- **Supplied information**:
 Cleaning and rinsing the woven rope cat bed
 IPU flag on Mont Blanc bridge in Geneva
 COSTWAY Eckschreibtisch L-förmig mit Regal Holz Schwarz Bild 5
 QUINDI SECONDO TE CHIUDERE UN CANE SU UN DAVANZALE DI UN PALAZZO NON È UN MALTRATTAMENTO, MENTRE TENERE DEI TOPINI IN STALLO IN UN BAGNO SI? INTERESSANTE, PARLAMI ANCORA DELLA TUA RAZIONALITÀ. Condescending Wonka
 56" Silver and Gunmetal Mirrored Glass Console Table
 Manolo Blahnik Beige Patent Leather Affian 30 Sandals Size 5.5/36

---

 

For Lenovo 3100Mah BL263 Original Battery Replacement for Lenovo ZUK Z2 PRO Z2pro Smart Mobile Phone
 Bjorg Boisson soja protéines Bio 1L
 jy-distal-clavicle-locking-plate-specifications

- **What you need to do**:
In the material above, locate the line containing "IPU flag on Mont Blanc bridge in Geneva" and the line containing "Manolo Blahnik Beige". Transcribe exactly those two lines and every line between them, and nothing more.

- **Answer box**:
 IPU flag on Mont Blanc bridge in Geneva
 COSTWAY Eckschreibtisch L-förmig mit Regal Holz Schwarz Bild 5
 QUINDI SECONDO TE CHIUDERE UN CANE SU UN DAVANZALE DI UN PALAZZO NON È UN MALTRATTAMENTO, MENTRE TENERE DEI TOPINI IN STALLO IN UN BAGNO SI? INTERESSANTE, PARLAMI ANCORA DELLA TUA RAZIONALITÀ. Condescending Wonka
 56" Silver and Gunmetal Mirrored Glass Console Table
 Manolo Blahnik Beige Patent Leather Affian 30 Sandals Size 5.5/36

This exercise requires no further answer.